Vito Colapietro composed the music for Down for Life. Previously, he worked on the soundtracks for Barbershop (2002) and Four Brothers (2005). He also was the composer for Just Another Day (2009).

==Reception==
In 2009, Down for Life was screened at both the Toronto International Film Festival and the Los Angeles Latino International Film Festival, where it received critical support. The film was slated for a theatrical release in Fall 2010.

Peter Hammond of The Los Angeles Times says, "Speaking of 2010 Oscar contenders... we're wondering where the next Precious is coming from. Distributors should look no further than a 2009 Toronto Fest entry Down for Life... [The cast] is mostly comprised [sic] L.A.-based non-actors led by Jessica Romero who could become next award season's Gabourey Sidibe."
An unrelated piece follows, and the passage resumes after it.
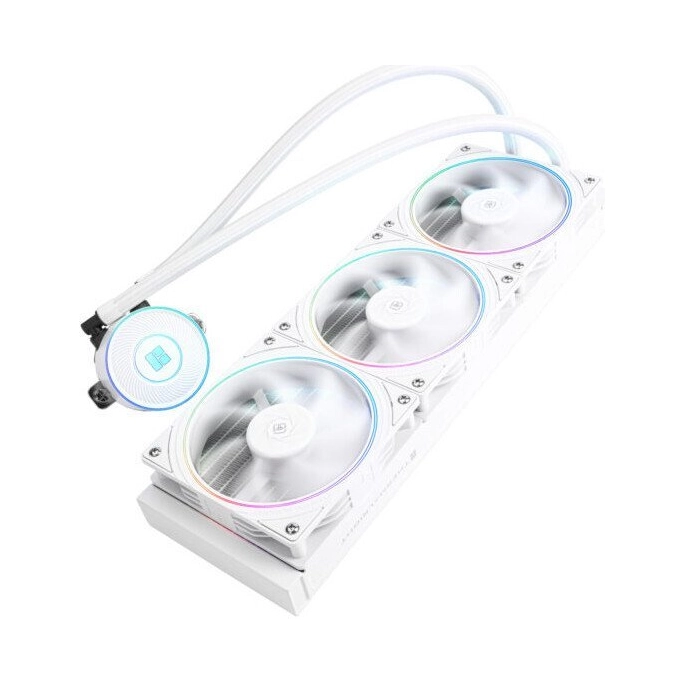 Система жидкостного охлаждения для процессора Thermalright Aqua Elite 360 ARGB V5 (белый). Фото4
Reed Johnson, also of The Los Angeles Times says, "The emotional chemistry among...novice performers, in concert with a few seasoned pros such as Danny Glover, Kate del Castillo and Snoop Dogg in secondary roles, is one of the things that makes Down for Life feel more authentic and credible than many of the countless other movies...brings street cred to two of the movie's thorniest topics: urban girl gang bangers, and tensions between L.A. Latinos and African Americans."

Carlos Morales of The Voice, says, "This film breathes life and resurrects what is happening on the streets of not only South Central but in all major suburbs across this country. It focuses a bright beam of light on the social issue that has plagued our country for years...The acting is real, the story is real, and the action is real...It is moving, motivating and a must see!... It's deserving of a distribution deal ...and as an unofficial entry into next year's Oscar race... It's that good..."

Toronto's The Globe and Mail describes the film as a "gritty, wallop-packing Los Angeles-set drama...Unflinching (but not gratuitous) in its depiction of domestic violence and girl-on-girl brutality...Disturbingly frank, the film assaults its viewers, but in a very effective way."

Erin Oke of Exclaim. CA describes the film as "a brutal and uncompromising look at an environment characterized by poverty and desperation...The script does well capturing the contrast between the shockingly commonplace physical and sexual violence of gang life and the moments of light-hearted girlhood...Lead actress Jessica Romero is a fresh and vivid presence in her film debut as Rascal."

In 2021, the US Congressional Hispanic Caucus nominated Down for Life to be included in the National Film Registry as one of 25 "important examples of Latino artistic and cinematic achievement."